I will be curious to see whether this decision gets cited as precedent in future. The implications, potentially, seem so enormous I wonder whether they will simply be overlooked. (I realize this often happens when philosophers read legal decisions: we see all manner of absurdity that is papered over in practice by a lot of stuff we don’t understand – some of it other nonsense, put in place so the nonsense we see doesn’t cause trouble; some of it good sense we, who didn’t go to law school, don’t happen to be in the know about.) It seems to be the case that the Supremes have over-ruled Congress exclusively on the grounds that the South has changed more than Congress gives it credit for. “Section 4’s formula is unconstitutional in light of current conditions” (3) [emphasis mine]. “Section 4 of the Voting Rights Act is unconstitutional; its formula can no longer be used as a basis for subjecting jurisdictions to pre-clearance” (3)” [emphasis mine]. That second one is more ambiguous. That might be taken to mean: after today. But, in light of the rest of the decision, this statement seems intended as a descriptive account of a development in the recent past, post-1965 but pre-decision. Section 4 wasn’t born un-Constitutional, but grew into something un-Constitutional as society changed around it. Congress finds itself standing in a place it could only get to by overstepping, without having overstepped, due to political-societal-cultural ground itself having shifted. That’s not an incomprehensible or paradoxical claim. But it’s hard to imagine a more fertile basis for a ‘living Constitution’ approach than the blanket proposition that any time the Supremes think “things have changed dramatically” (p. 3), they get to tell Congress what new thing to do – or not do – that is ‘fair’, by the judges’ lights.
Now that’s living!
They are going on about the equal dignity of the states, which sounds like a fine thing – although I think it isn’t a phrase that occurs in the Constitution? (Am I wrong?) But in this context it also sounds like a whole lot of not nearly enough, what with separation of powers. Any time something ‘unfair’ happens the equal dignity of someone or something is getting trodden, in some sense. (It very rare that everyone suffers equally from a lousy law, probably) That doesn’t mean any time the Supremes think Congress has made a bad law, the Supremes get to step in and call foul. That’s kind of rule one. It seems like the Supremes are applying a very high, rational-basis-with-extra-bite standard. It’s not enough that Congress be exercising powers it is acknowledged to have in a way that might make possible sense. It has to be a ‘good’ law – effective and ‘right’? But they can’t possibly apply that standard of judicial review to everything Congress does. So what is the elevated standard they are holding Congress to, in this case, and what class of cases need to meet this elevated standard, not just the usual ‘pass an ineffective or counter-productive law if you want’ bog-standard rational-basis test?

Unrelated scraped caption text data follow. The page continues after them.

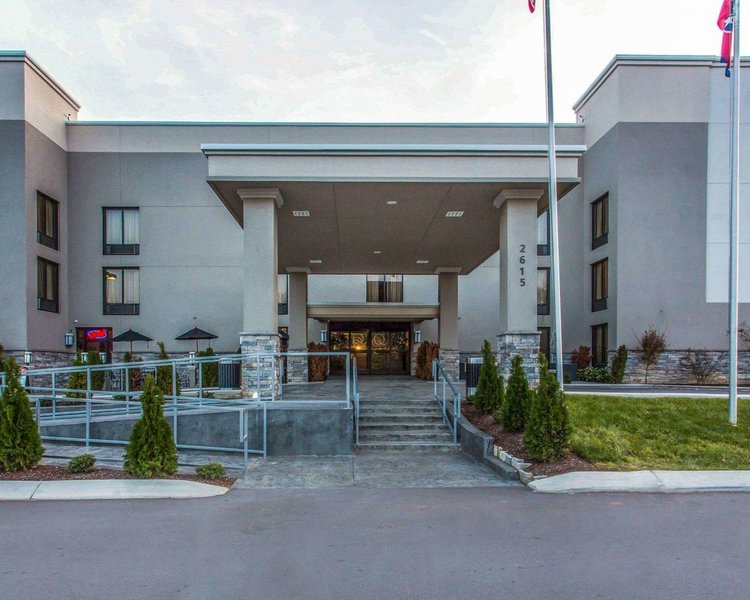 Quality Suites Nashville Airport,Tennessee>>Nashville,3 star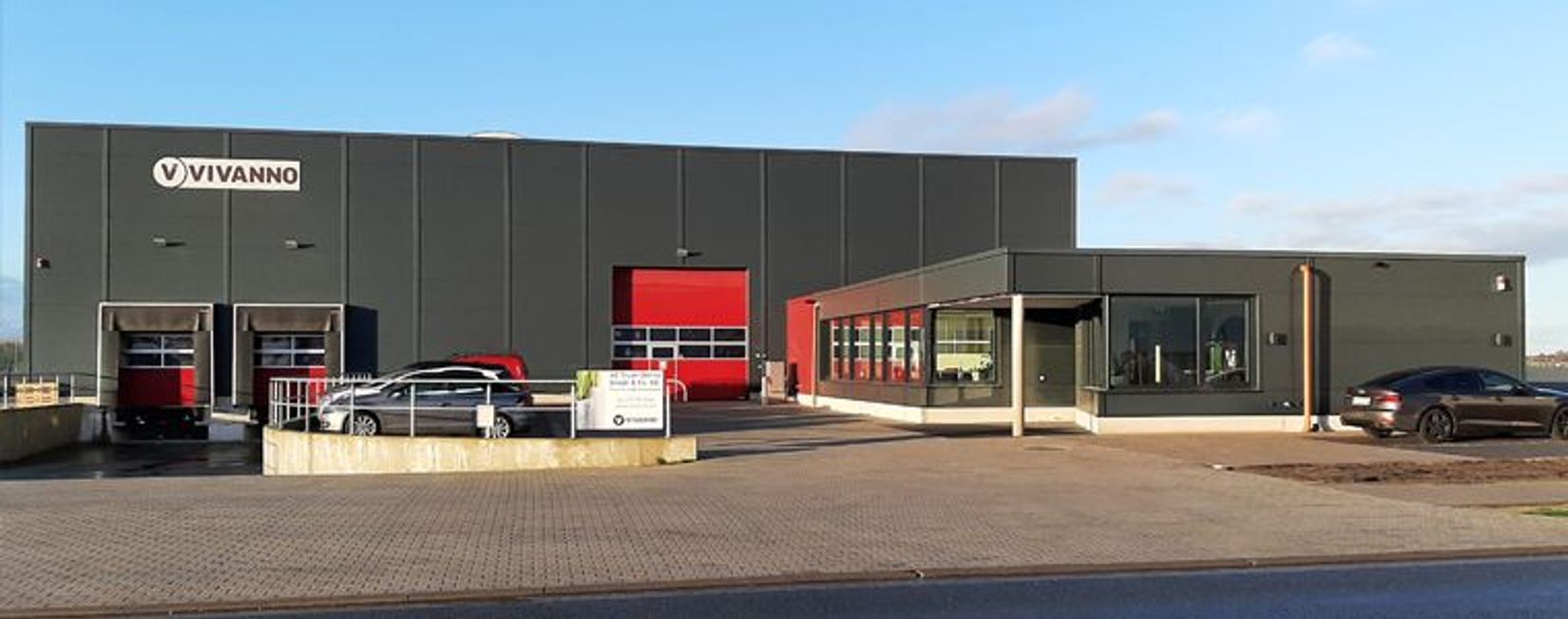 Lagerhalle Büro VIVANNO Lagerhalle Büro VIVANNO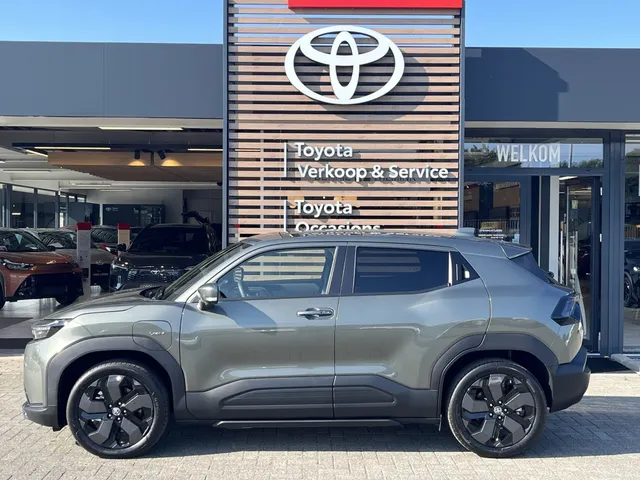 Toyota Urban Cruiser Executive 61 kWh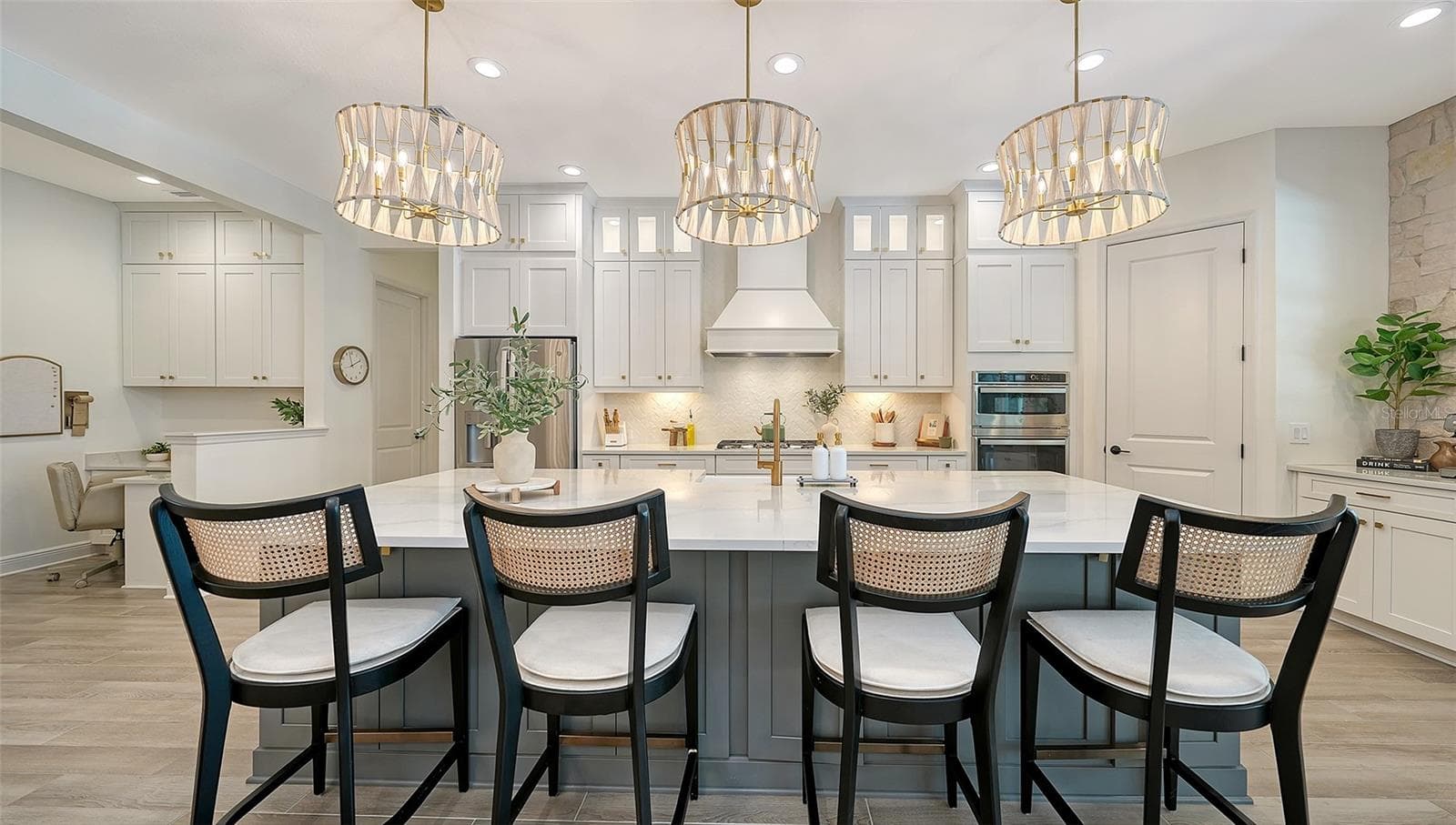 Single Family Residence at 10317 CANAVERAL CIR, SARASOTA, photo 14 of 100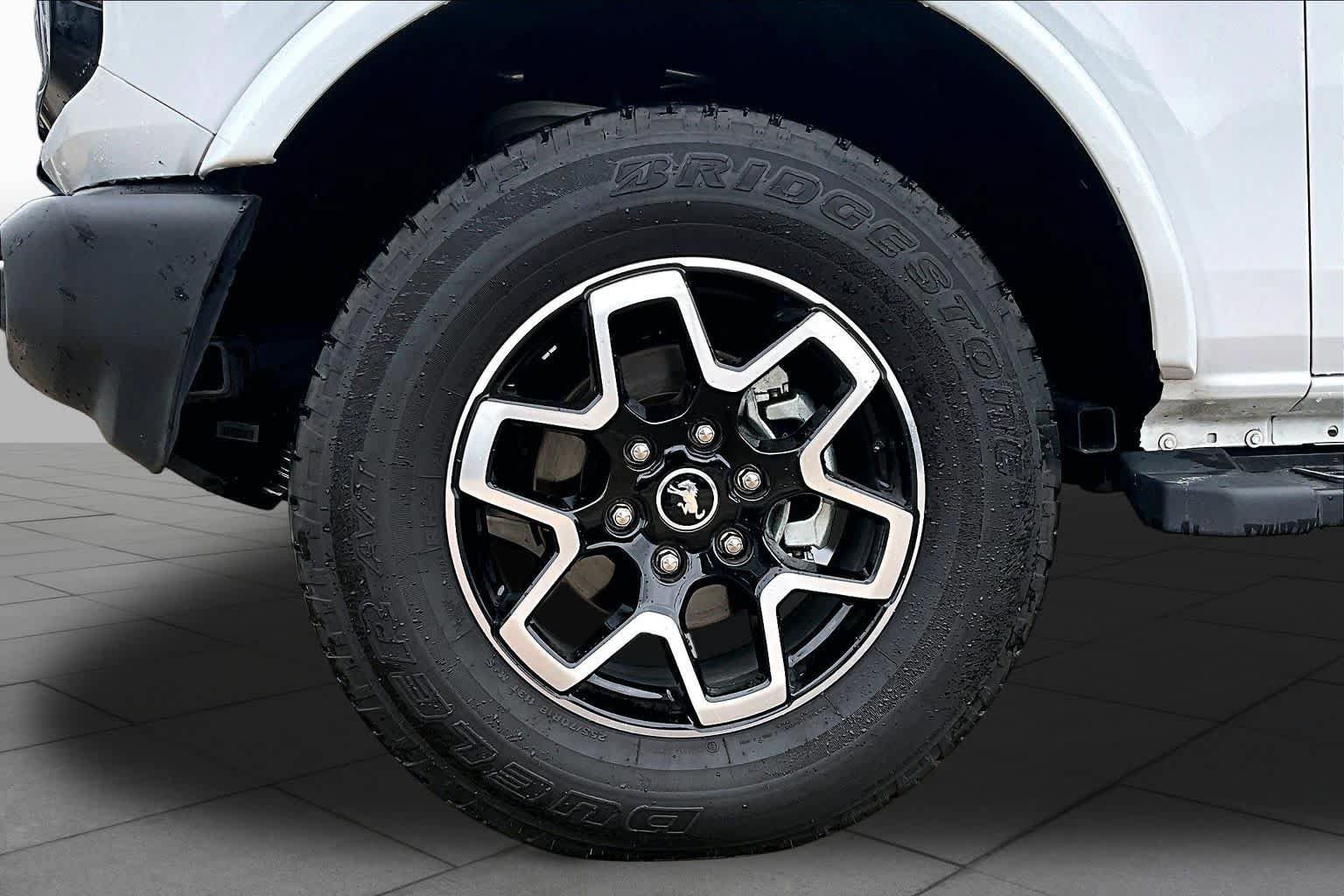 Used 2024 Ford Bronco Outer Banks AWD/4WD image 11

I’m reasonably sure the Supremes cannot have given themselves total dominion over the legislative branch. (Scalia is not laughing, mirthlessly, and congratulating himself on having finally acquired ‘the Shelby gem’ for his Infinity Gauntlet. ‘Now I have infinite power to crush judicial activism anywhere in the universe, including Congress!’) But I’m at a loss to see why, as precedent, this isn’t a major power grab.